Omit all images, then repeat exactly the lines below from the one containing "MLS® A2208340 - 826" through the one containing "Ku mupaka wa", both ends included.

#### STUDY MATERIAL:
◇ ◇ ◇ ◇ ◇ ◇ ◇
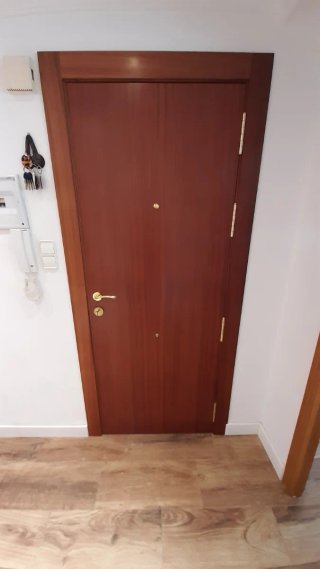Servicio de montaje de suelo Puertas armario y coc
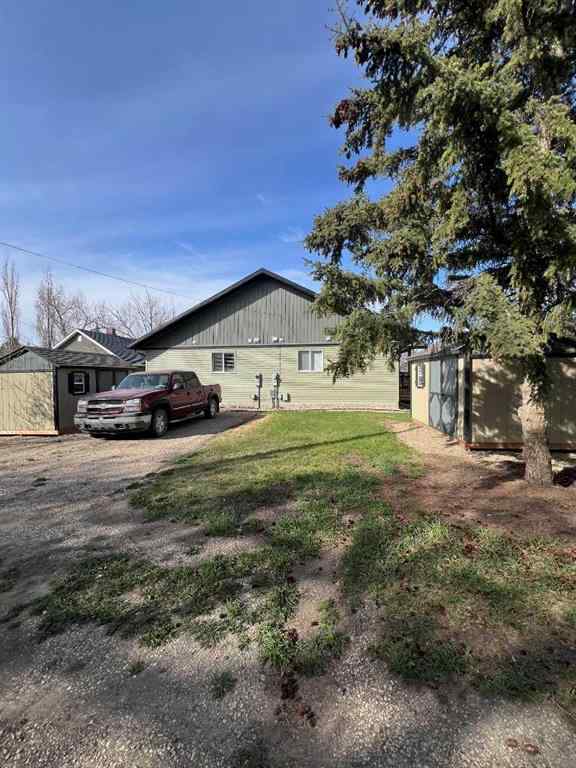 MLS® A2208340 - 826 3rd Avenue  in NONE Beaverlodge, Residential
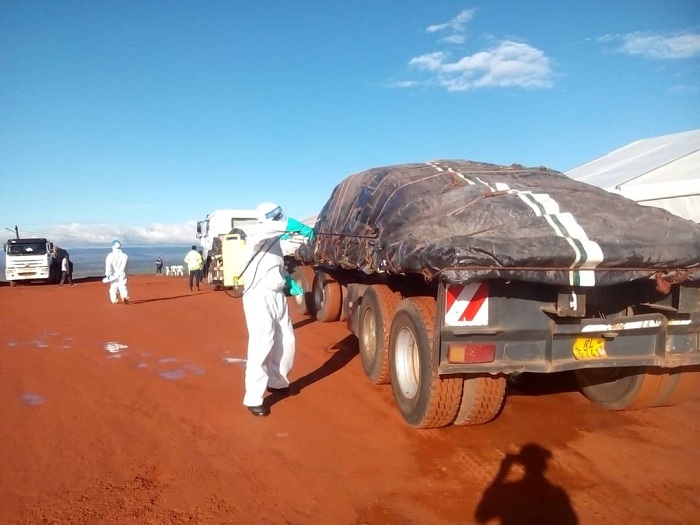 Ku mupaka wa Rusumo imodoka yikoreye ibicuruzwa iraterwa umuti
◇ ◇ ◇ ◇ ◇ ◇ ◇
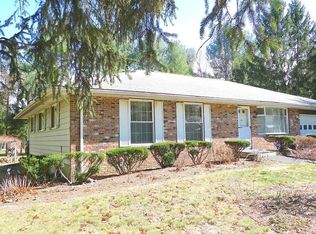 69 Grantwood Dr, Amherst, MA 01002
◇ ◇ ◇ ◇ ◇ ◇ ◇
#### TASK ANSWER:
 MLS® A2208340 - 826 3rd Avenue  in NONE Beaverlodge, Residential
 Ku mupaka wa Rusumo imodoka yikoreye ibicuruzwa iraterwa umuti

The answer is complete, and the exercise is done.